■ **WHAT YOU ARE ASKED TO DO**
Exactly reproduce the lines from the line bearing "政法学院毕业后干什么工作？选择最适合自己的领域？政法学院毕业生就业方向有哪些？" through the end of the listing, inclusive of both; pictures are to be omitted.

■ **DATA SEGMENT**
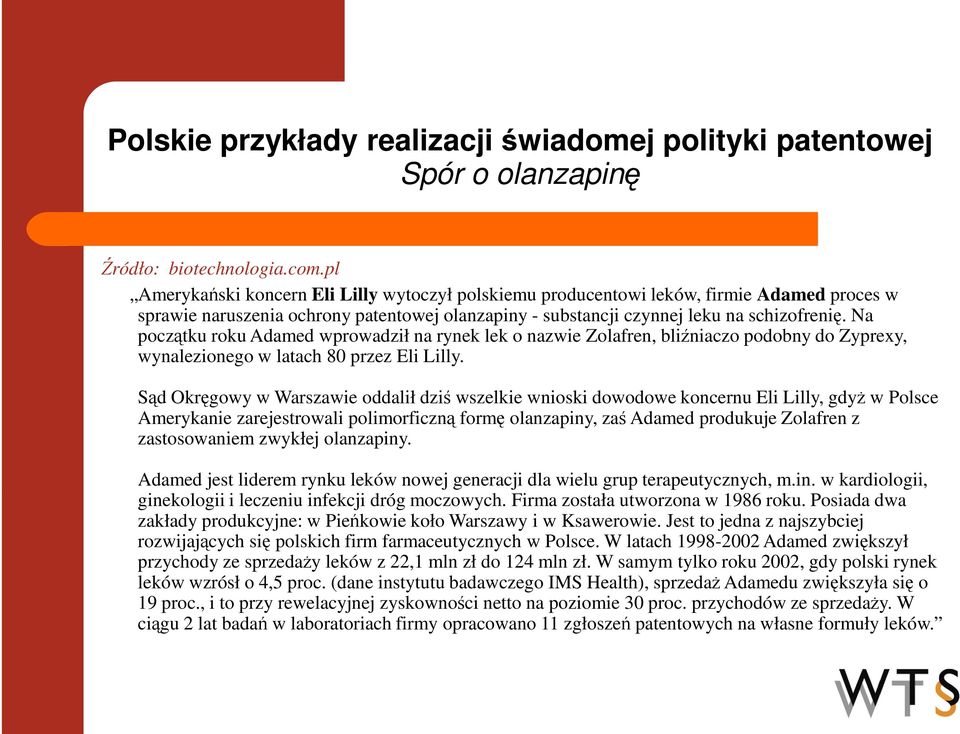 Na początku roku Adamed wprowadził na rynek lek o nazwie Zolafren, bliźniaczo podobny do Zyprexy, wynalezionego w latach 80 przez Eli Lilly.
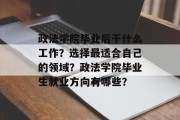 政法学院毕业后干什么工作？选择最适合自己的领域？政法学院毕业生就业方向有哪些？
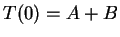 $T(0) = A + B$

■ **TASK ANSWER**
 政法学院毕业后干什么工作？选择最适合自己的领域？政法学院毕业生就业方向有哪些？
 $T(0) = A + B$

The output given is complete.